===== EXERCISE INPUT
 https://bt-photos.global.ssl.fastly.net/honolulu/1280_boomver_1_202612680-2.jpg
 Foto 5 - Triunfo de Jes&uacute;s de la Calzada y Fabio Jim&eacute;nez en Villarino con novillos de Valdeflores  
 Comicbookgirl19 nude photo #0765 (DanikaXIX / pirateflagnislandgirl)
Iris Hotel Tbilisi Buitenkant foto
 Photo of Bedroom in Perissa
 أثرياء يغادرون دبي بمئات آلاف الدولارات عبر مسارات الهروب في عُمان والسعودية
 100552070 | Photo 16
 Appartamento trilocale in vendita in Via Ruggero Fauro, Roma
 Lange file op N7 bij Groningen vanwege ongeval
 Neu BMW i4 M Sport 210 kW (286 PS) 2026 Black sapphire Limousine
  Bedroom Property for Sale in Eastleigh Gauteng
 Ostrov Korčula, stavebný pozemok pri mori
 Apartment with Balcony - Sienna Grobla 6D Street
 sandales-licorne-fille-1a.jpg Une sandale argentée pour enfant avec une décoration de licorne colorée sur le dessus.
==========
__YOUR OBJECTIVE__
Repeat, exactly and only, the lines above from the one containing "Apartment with Balcony" through the end of the material.

__RESPONSE__
 Apartment with Balcony - Sienna Grobla 6D Street
 sandales-licorne-fille-1a.jpg Une sandale argentée pour enfant avec une décoration de licorne colorée sur le dessus.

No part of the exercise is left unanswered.